Okay. Well, we went to see this thing. Maybe I'm just too old and have seen too many movies.
Cameron is a very good technical film maker, and although he wasn't director here, he still can get it to happen. His films are always technically well put together. This one was no exception. Reasonably good use of scuba and climbing technology and techniques for Hollywood. The cave could have been more stunning. There are so many knock-out caves to model on. Maybe the sets were more true to what they were supposed to be exploring, but anything that would have helped, considering the lame script.
Sadly, this was just about every other expedition-goes-bad movie ever made. Expert, hard, cold, no-nonsense to the point of abusive, everyone respects but hardly anyone likes leader.
His obligatory one or two assistants of vague but other nationality.
The guy who doesn't want to be there but is.
The ultra-rich sponsor. His naive girlfriend. And the usual crew of bit players.
The formula says the hard-man leader will keep them together at any cost, outrage some of them doing it, will turn out to be a good guy, and will, of course, die selflessly. [yawn]

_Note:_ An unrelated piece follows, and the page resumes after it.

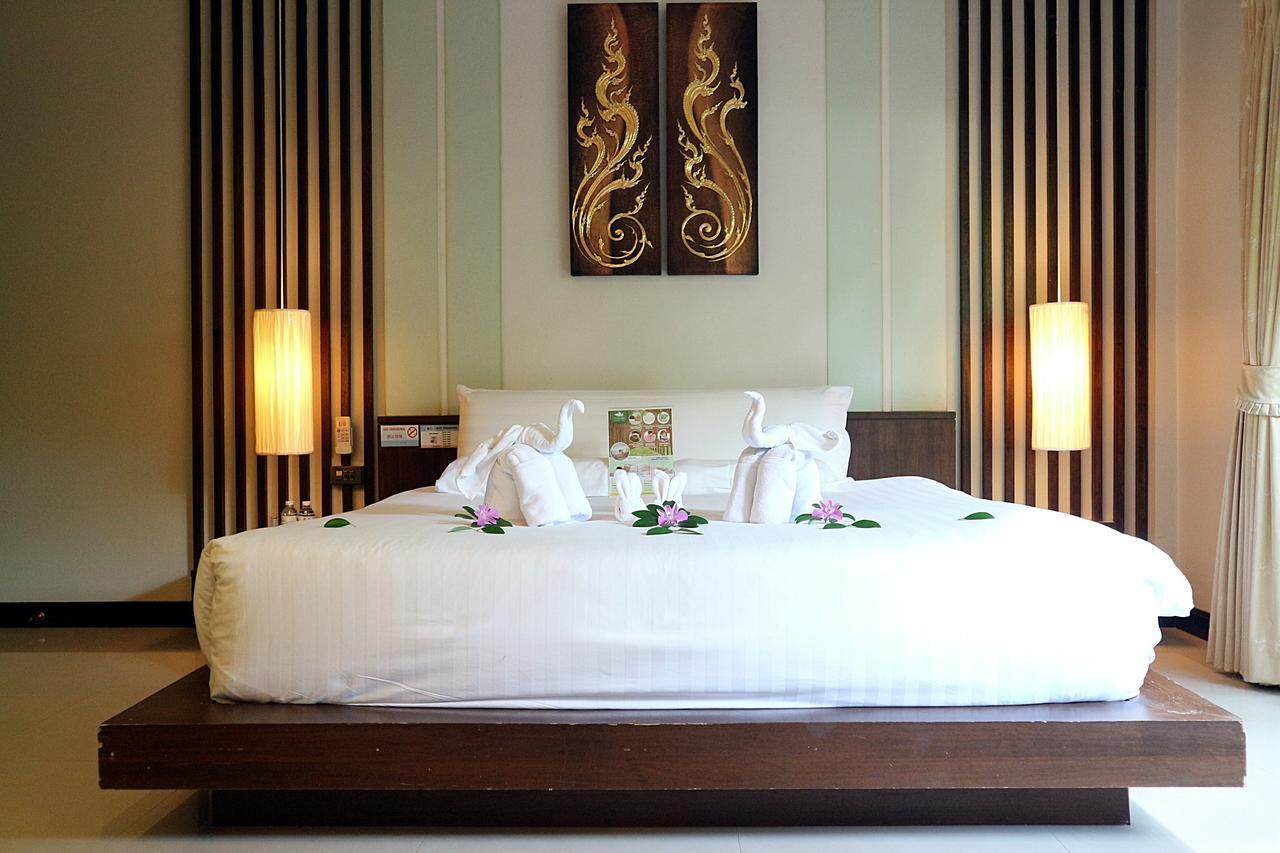 Naiharn Garden Villa Phuket Bagian luar foto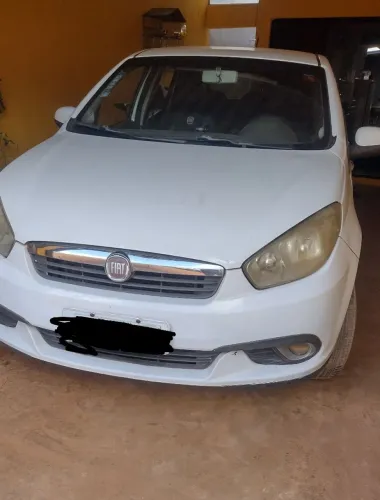 Fiat Grand Siena Essence 1.6 Flex 16V 2013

The leader's other-nationality right hand man. He is, of course, doomed from the start, as he always is. It's only a matter of how he will die and when, but it won't be too long, because he's expendable in the name of getting things exciting. In this case, the bonus is two of these guys, so we get a bonus death. He can't die too soon, though. We need him to tell some stories about how you should really get to know the leader.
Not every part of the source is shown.